Chinese chefs are like musicians who can’t compose, says Jayson Tang – ‘we aren’t creative either’
- The 34-year-old executive chef at Man Ho Chinese Restaurant laments the lack of what he calls ‘a proper training system’ for Chinese cuisine
- That hasn’t stopped his restaurant earning its first Michelin star, which he celebrated with tears in his eyes and a fist bump
How do you envision improving Chinese cuisine? “Chinese cuisine doesn’t have a proper training system. We in the industry should have ideas of how to prepare young people. In Chinese kitchens it’s a master chef and apprentice relationship, so it’s limited in training many people. We aren’t creative either: a Chinese chef is like a musician who can play music, but can’t compose.

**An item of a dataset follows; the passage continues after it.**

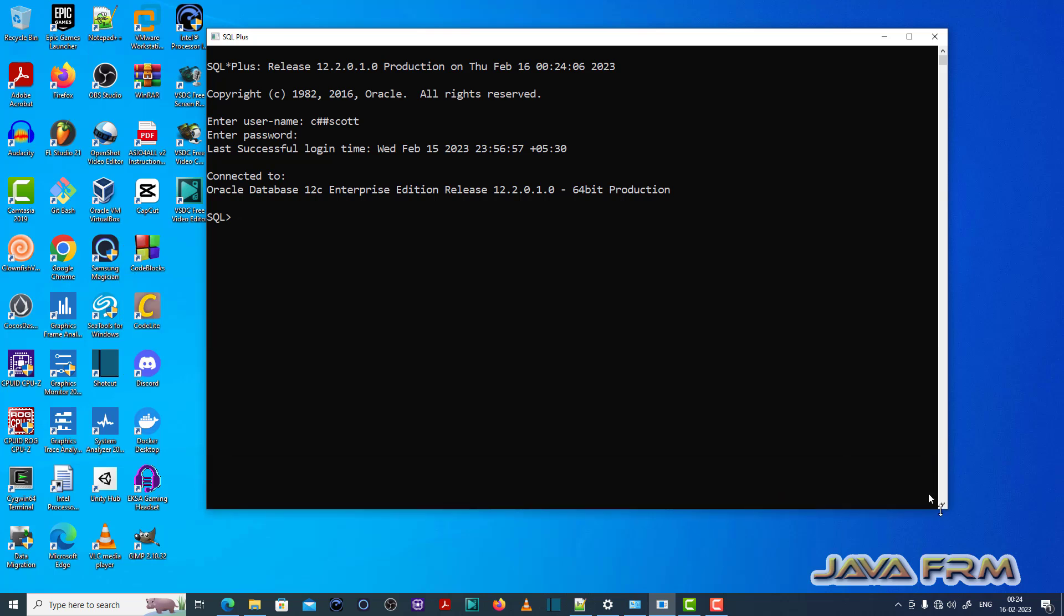So I log in as a common user called chascot which I have already created. Make sure that you have permission to run the SQL queries.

“People know dishes like Peking duck and sweet and sour pork, but we should have others, too. [The late French chef] Joël Robuchon could open restaurants around the world and make French cuisine in his own style, and diners would accept it. Why not the same with Chinese fine dining?”
How did you get into cooking? “When I was 10 years old I saw how hard my parents worked at their dai pai dong so I felt compelled to help out. I washed dishes and brought food to customers. I could hold four cups of hot milk tea in one hand. By the time I was a teenager I was working on the weekends, making HK$100 each Saturday and Sunday.
“At 15 years old, I told my parents I wanted to cook. In the mornings my father made breakfasts and in the evenings his partner served hotpot and I prepared the ingredients. When I started studying at the Chinese Culinary Institute [CCI], at the age of 18, the instructors were impressed that I already knew how to fillet fish and chop meat and that I was fast.
“From 8am to 5pm, I went to culinary school in Pok Fu Lam. Then I took the bus to Hung Hom to prepare hotpot ingredients until 11pm. I didn’t sleep much. I would clean two big bags of chicken intestines and cut up small fish before making thousands of fish balls, shrimp balls, beef balls as the orders came.”